All of the data below is to be output without alteration.
= Beginning of Section =
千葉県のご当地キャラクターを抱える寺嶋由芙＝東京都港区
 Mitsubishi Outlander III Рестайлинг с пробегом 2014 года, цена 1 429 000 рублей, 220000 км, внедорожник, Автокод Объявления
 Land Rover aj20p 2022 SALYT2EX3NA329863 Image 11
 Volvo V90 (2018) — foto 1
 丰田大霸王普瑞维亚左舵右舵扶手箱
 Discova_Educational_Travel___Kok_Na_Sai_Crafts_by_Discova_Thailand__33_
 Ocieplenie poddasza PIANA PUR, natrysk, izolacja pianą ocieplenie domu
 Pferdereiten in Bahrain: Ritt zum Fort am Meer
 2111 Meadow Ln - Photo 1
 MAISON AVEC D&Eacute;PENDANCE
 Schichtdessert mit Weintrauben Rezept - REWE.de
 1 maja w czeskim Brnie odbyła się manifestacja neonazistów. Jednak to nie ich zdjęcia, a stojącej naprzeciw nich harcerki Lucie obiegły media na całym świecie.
= End of Section =
» **TASK ANSWER**:
千葉県のご当地キャラクターを抱える寺嶋由芙＝東京都港区
 Mitsubishi Outlander III Рестайлинг с пробегом 2014 года, цена 1 429 000 рублей, 220000 км, внедорожник, Автокод Объявления
 Land Rover aj20p 2022 SALYT2EX3NA329863 Image 11
 Volvo V90 (2018) — foto 1
 丰田大霸王普瑞维亚左舵右舵扶手箱
 Discova_Educational_Travel___Kok_Na_Sai_Crafts_by_Discova_Thailand__33_
 Ocieplenie poddasza PIANA PUR, natrysk, izolacja pianą ocieplenie domu
 Pferdereiten in Bahrain: Ritt zum Fort am Meer
 2111 Meadow Ln - Photo 1
 MAISON AVEC D&Eacute;PENDANCE
 Schichtdessert mit Weintrauben Rezept - REWE.de
 1 maja w czeskim Brnie odbyła się manifestacja neonazistów. Jednak to nie ich zdjęcia, a stojącej naprzeciw nich harcerki Lucie obiegły media na całym świecie.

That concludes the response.